2024-05-29 Feng Xue <f...@os.amperecomputing.com>
gcc/
* tree-vect-loop.cc (vect_reduction_use_partial_vector): New function.
(vectorizable_reduction): Move partial vectorization checking code to
vect_reduction_use_partial_vector.
---
gcc/tree-vect-loop.cc | 138 ++++++++++++++++++++++++------------------
1 file changed, 78 insertions(+), 60 deletions(-)

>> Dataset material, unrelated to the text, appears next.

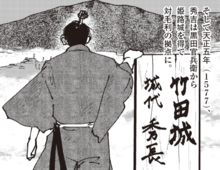 「毛利よ！信長を打倒せよ！」足利義昭の挙兵で〈表に出ない戦〉が始まった！【ミスター武士道の大河読み】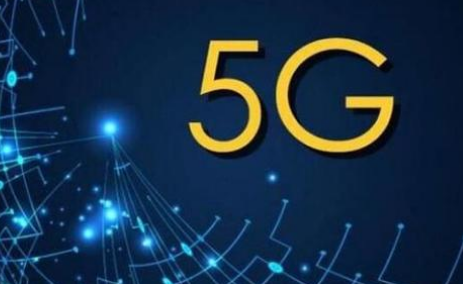 5G技术的商业应用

diff --git a/gcc/tree-vect-loop.cc b/gcc/tree-vect-loop.cc
index a42d79c7cbf..aa5f21ccd1a 100644
--- a/gcc/tree-vect-loop.cc
+++ b/gcc/tree-vect-loop.cc
@@ -7391,6 +7391,81 @@ build_vect_cond_expr (code_helper code, tree vop[3], tree mask,
}
}
+/* Given an operation with CODE in loop reduction path whose reduction PHI is
+ specified by REDUC_INFO, the operation has TYPE of scalar result, and its
+ input vectype is represented by VECTYPE_IN. The vectype of vectorized result
+ may be different from VECTYPE_IN, either in base type or vectype lanes,
+ lane-reducing operation is the case. This function check if it is possible,
+ and how to perform partial vectorization on the operation in the context
+ of LOOP_VINFO. */
+
+static void
+vect_reduction_use_partial_vector (loop_vec_info loop_vinfo,
+ stmt_vec_info reduc_info,
+ slp_tree slp_node, code_helper code,
+ tree type, tree vectype_in)
+{
+ if (!LOOP_VINFO_CAN_USE_PARTIAL_VECTORS_P (loop_vinfo))
+ return;
+
+ enum vect_reduction_type reduc_type = STMT_VINFO_REDUC_TYPE (reduc_info);
+ internal_fn reduc_fn = STMT_VINFO_REDUC_FN (reduc_info);
+ internal_fn cond_fn = get_conditional_internal_fn (code, type);
+
+ if (reduc_type != FOLD_LEFT_REDUCTION
+ && !use_mask_by_cond_expr_p (code, cond_fn, vectype_in)
+ && (cond_fn == IFN_LAST
+ || !direct_internal_fn_supported_p (cond_fn, vectype_in,
+ OPTIMIZE_FOR_SPEED)))
+ {
+ if (dump_enabled_p ())
+ dump_printf_loc (MSG_MISSED_OPTIMIZATION, vect_location,
+ "can't operate on partial vectors because"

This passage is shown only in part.